20 de junho de 2013 às 12h58

Por um triz

Falta uma infelicidade qualquer para que algum desses atos públicos nas capitais se transforme em tragédia. Alguém tropeça, puxando outros consigo, durante uma correria. Um bate-boca leva ao pugilato e a trocas de facadas ou garrafadas. Um bandido infiltrado, civil ou militar, aproveita qualquer tumulto para dar um tiro na direção da turba. Um tijolo despenca do décimo andar de um prédio. Uma bomba explode no lugar errado.

E assim, de repente, surge o primeiro cadáver dos protestos.

O simples fato de tudo estar tão sujeito ao acaso e à boa-vontade das gentes já é sintoma de perigosa fragilidade. Se considerarmos o caos probabilístico gerado por um fenômeno em que dezenas de milhares de pessoas se espremem pelas ruas da metrópole, concluímos que os anjos das passeatas vêm trabalhando como nunca. É quase absurdo que não tenha ocorrido alguma ocorrência fatal, especialmente porque as chances se multiplicam na repetição diária dos atos.
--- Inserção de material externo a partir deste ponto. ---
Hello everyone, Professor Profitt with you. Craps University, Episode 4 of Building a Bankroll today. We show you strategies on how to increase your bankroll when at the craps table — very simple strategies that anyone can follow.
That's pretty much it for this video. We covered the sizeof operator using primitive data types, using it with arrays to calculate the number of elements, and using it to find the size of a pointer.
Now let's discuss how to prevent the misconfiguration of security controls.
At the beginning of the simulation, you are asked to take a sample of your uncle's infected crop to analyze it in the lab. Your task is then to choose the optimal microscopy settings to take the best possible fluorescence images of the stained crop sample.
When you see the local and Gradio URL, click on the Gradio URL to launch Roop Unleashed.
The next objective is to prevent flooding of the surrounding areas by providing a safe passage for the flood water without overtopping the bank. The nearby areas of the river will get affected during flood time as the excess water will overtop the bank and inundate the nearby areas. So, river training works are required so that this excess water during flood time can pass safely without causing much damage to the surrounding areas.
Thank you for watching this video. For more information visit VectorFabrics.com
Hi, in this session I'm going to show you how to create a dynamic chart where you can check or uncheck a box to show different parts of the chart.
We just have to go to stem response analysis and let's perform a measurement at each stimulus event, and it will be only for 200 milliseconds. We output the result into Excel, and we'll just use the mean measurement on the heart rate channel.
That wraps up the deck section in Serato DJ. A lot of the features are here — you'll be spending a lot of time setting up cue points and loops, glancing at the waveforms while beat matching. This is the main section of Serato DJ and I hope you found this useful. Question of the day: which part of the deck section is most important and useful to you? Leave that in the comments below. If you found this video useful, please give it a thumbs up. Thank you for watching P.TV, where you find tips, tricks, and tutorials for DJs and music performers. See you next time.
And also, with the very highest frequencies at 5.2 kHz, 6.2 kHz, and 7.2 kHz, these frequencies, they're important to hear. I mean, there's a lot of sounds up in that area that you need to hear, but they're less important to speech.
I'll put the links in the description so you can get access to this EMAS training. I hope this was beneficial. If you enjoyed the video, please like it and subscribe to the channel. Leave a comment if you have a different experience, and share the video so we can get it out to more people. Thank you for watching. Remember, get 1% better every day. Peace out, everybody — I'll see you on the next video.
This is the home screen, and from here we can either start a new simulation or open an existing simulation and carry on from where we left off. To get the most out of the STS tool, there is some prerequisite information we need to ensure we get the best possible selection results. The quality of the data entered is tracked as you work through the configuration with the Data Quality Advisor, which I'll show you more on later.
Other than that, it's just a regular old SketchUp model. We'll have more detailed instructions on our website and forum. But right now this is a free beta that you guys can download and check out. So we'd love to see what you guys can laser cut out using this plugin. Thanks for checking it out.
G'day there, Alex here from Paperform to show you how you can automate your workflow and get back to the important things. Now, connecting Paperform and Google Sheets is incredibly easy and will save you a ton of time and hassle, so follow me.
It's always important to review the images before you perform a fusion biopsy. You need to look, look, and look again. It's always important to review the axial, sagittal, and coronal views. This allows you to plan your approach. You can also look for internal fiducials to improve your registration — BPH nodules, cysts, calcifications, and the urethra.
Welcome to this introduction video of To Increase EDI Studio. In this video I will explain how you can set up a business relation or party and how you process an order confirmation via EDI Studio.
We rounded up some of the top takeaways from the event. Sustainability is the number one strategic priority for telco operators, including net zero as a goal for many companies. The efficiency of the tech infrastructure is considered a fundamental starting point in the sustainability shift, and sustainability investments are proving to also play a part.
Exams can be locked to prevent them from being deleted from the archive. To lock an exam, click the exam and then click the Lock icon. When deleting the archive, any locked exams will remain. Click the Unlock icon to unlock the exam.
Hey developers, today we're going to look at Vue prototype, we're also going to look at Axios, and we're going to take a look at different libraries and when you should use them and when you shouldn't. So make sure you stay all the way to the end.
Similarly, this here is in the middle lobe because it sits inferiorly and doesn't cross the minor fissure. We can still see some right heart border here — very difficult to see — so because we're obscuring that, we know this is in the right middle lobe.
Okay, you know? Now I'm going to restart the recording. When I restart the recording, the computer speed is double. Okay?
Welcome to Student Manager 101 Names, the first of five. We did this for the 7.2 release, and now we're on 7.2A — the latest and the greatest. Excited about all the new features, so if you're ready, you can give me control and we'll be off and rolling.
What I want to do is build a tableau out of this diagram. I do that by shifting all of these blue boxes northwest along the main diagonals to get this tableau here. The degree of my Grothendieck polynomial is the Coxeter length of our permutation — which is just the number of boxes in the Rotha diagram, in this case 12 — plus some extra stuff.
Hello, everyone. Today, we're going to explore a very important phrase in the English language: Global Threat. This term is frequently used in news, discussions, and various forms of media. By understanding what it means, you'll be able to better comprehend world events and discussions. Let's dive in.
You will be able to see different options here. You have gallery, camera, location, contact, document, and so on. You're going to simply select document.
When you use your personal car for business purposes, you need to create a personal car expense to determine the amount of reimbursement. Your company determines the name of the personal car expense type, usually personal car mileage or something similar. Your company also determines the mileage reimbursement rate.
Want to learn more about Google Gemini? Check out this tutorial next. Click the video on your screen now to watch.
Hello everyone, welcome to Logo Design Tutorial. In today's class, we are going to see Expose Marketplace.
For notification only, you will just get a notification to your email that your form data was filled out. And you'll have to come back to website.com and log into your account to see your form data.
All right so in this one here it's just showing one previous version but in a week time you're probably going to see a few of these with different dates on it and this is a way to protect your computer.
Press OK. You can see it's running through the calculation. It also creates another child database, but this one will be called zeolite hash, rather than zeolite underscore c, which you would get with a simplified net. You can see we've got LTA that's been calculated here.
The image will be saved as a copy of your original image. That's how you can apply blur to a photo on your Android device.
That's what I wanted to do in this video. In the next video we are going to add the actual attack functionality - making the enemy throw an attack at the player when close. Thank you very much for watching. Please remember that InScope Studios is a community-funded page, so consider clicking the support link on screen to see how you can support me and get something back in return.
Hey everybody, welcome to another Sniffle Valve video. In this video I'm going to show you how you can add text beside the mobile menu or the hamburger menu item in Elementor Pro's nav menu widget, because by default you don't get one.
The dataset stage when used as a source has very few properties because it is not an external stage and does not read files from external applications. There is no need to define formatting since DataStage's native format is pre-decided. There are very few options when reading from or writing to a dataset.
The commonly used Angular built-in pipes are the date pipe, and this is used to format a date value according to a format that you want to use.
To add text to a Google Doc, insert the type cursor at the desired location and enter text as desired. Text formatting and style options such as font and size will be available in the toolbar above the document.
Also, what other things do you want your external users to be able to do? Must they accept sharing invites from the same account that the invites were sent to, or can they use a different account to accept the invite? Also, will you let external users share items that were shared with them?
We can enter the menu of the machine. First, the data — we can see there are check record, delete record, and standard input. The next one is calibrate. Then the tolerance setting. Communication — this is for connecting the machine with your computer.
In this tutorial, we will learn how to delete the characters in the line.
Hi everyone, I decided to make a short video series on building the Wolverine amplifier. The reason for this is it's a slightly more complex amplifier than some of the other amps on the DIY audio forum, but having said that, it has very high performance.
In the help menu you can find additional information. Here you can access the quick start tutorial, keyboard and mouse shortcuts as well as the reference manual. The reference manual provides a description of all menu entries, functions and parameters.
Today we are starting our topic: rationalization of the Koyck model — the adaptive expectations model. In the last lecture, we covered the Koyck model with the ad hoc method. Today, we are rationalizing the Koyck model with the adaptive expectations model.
Talvez eu esteja apenas sendo pessimista, mas na base de toda medida preventiva existe uma dose de fatalismo. Depois de acontecer o pior, será inútil discutir se houve uma coincidência idiota ou a ação de malfeitores oportunistas. Não podemos menosprezar a possibilidade de que alguém esteja ansioso para que a violência fuja ao controle da imensa maioria pacifista. É necessário, portanto, que os organizadores dos protestos passem a trabalhar com esse risco de forma responsável.